Set down all of the records word for word.

Available data -
-*-
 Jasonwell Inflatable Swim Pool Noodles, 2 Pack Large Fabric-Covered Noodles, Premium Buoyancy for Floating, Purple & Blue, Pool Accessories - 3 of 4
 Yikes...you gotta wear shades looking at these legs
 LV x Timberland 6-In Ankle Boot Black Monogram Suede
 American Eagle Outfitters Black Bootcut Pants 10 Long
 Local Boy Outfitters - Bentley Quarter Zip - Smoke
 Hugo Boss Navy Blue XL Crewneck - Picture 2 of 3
-*-
Task solution -
 Jasonwell Inflatable Swim Pool Noodles, 2 Pack Large Fabric-Covered Noodles, Premium Buoyancy for Floating, Purple & Blue, Pool Accessories - 3 of 4
 Yikes...you gotta wear shades looking at these legs
 LV x Timberland 6-In Ankle Boot Black Monogram Suede
 American Eagle Outfitters Black Bootcut Pants 10 Long
 Local Boy Outfitters - Bentley Quarter Zip - Smoke
 Hugo Boss Navy Blue XL Crewneck - Picture 2 of 3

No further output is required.